In Brief: Batwoman comes to a decision point in her past and present as she faces Batman and Colony Prime.
Summary (Spoilers): Two years ago, Kate eats noodle soup while reviewing footage of Batman’s fighting style. However, Batman himself sneaks up on her and demands to know her intentions. Using her soup and service pistol, Kate defends herself against her intruder before realizing it’s Batman. They tussle a bit more, then Batman runs down Kate’s history, and Kate explains her reason for being Batwoman – to serve in the way she was denied when she was expelled from the military. Jacob and Colony Prime, Simon Samuels, watch the encounter without Kate’s knowledge. Prime is very dismissive of both Kate and Batman, saying she needs to be a soldier, not a superhero.
In the present, Prime has taken control of the Belfry and fights both Batman and Batwoman. He appears to take down Kate, and tells her the base will do his work for him. He communicates with Jacob Kane by radio, and takes down Batman in the brig. However, he realizes too late that he’s ended in the Mud Room, and Kate uses many duplicates of herself to subdue Samuels. Outclassed, Prime flees, but is stopped by Batman. He delivers a message to Jacob, that the Many Arms of Death hold a new weapon, and that the Colony is losing the Eastern Front, then uses the venom to make himself into a monster and escapes. Kate reveals that she deduced Bruce’s identity when he limped after she shot him in the leg, and she maintained her own mission of ending war, instead of Batman’s of ending crime.

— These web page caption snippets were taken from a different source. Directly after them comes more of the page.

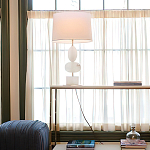 Настольная лампа на фигурном мраморном основании Conundrum варинант исполнения - 5 | Loft Concept в Екатеринбурге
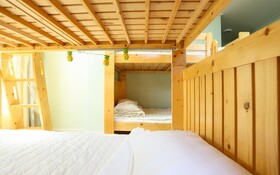 Yangyang Yoloha Surfhouse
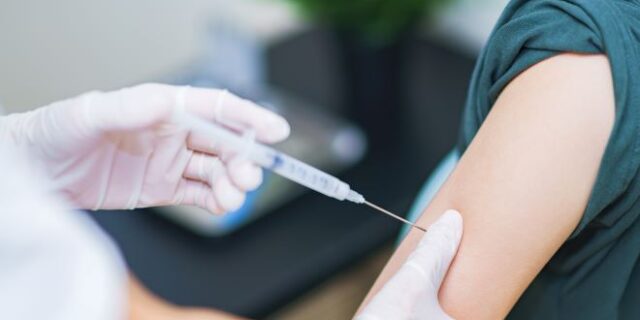ΕΟΔΥ: Στο 62% η προστασία έναντι της Όμικρον με την αναμνηστική δόση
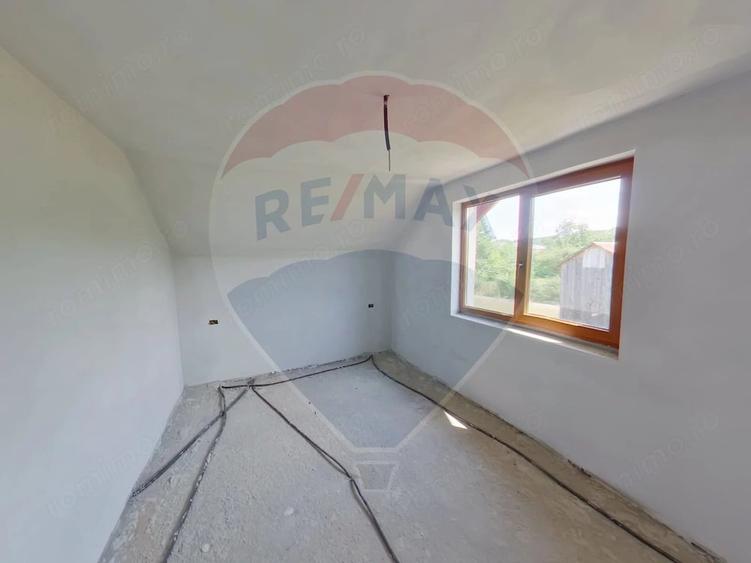 Casă cu Teren 2124 Mp în Crăciunești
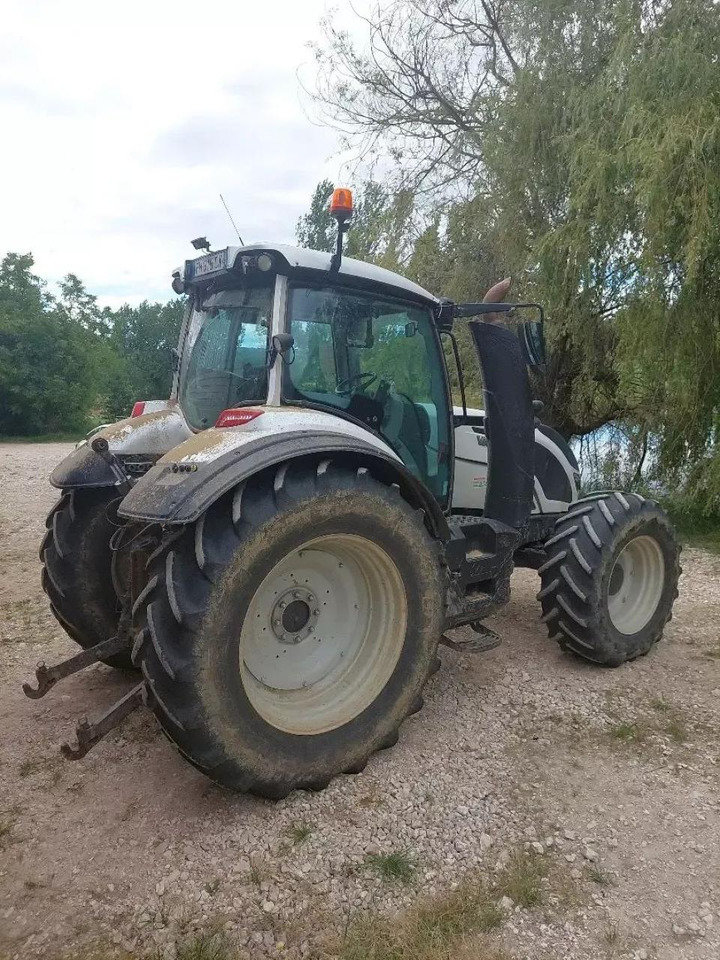 Valtra t 174e d smarttouch - Traktori: kuva Valtra t 174e d smarttouch - Traktori Valtra t 174e d smarttouch - Traktori: kuva Valtra t 174e d smarttouch - Traktori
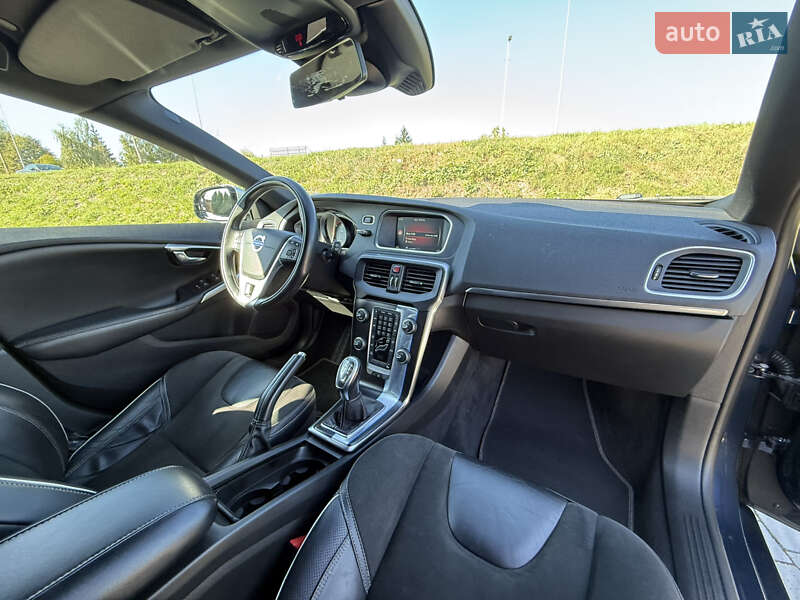 Хэтчбек Volvo V40 2014 в Стрые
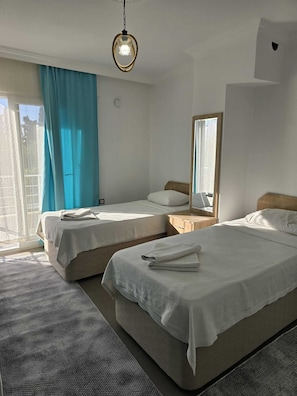 Premium bedding, soundproofing, free rollaway beds, free WiFi - Elfida Apart Palamutbükü (Datça)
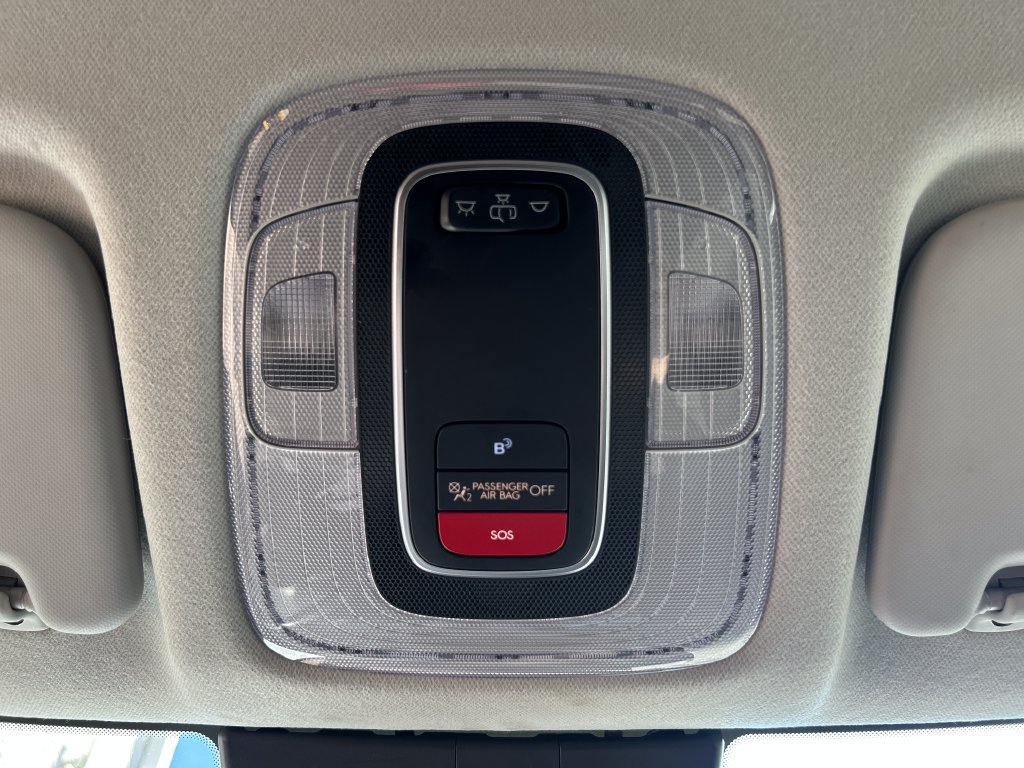 Used 2025 Hyundai Kona SEL FWD image 18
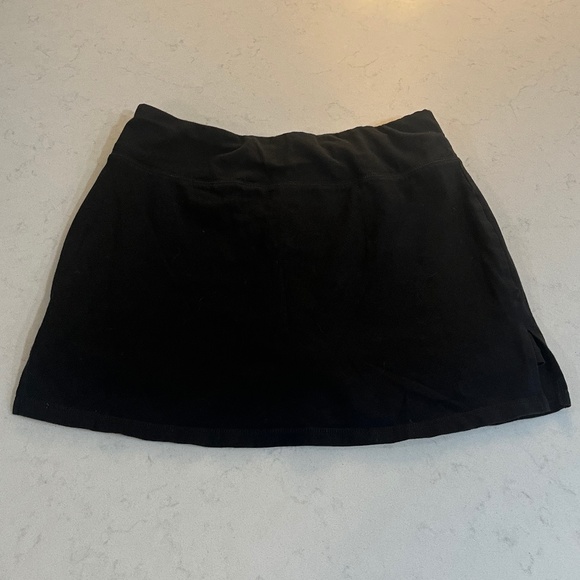 Black Athletic Works Hidden Tie Skirt Skort Medium - Picture 1 of 3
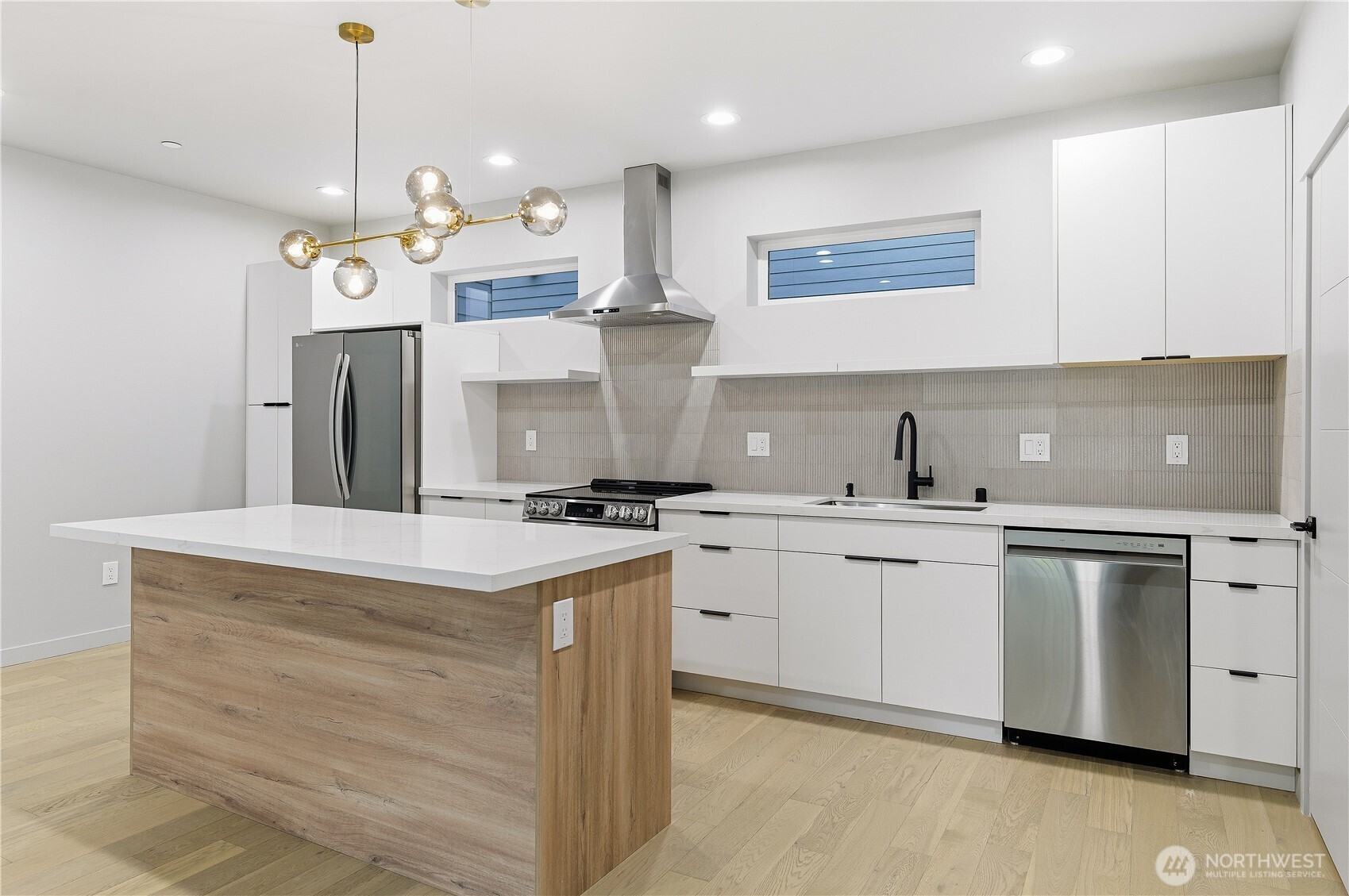 11831 59th Avenue S Seattle WA 98178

Later, speaking to Jacob, father and daughter negotiate a painful truce. Jacob knows that he cannot ask to be released, as it will destroy his already very tenuous relationship with Kate, so he agrees to help her stop the sale of monster venom on the condition that he gives information only to Kate.
In Depth: James Tynion IV and Marguerite Bennett bring “Batwoman Begins” to a solid conclusion, launching Bennett’s Batwoman solo series, and continuing Tynion’s development of Kate’s character and relationship with the cast of Detective Comics, as well as furthering the character of Tim’s base of operations, The Belfry. The characterization and relationships that Tynion’s been developing between Kate, her father, and Batman, show the richness of these characters and Tynion’s skill in developing them. Though some have criticized Tynion’s turning Jacob into a villain for being unexpected or too black and white (lacking moral ambiguity), it’s clear that while Tynion enjoys his action movie style good vs. evil battles, his take on the Wayne/Kane family has all the nuance one could wish for, if you only look.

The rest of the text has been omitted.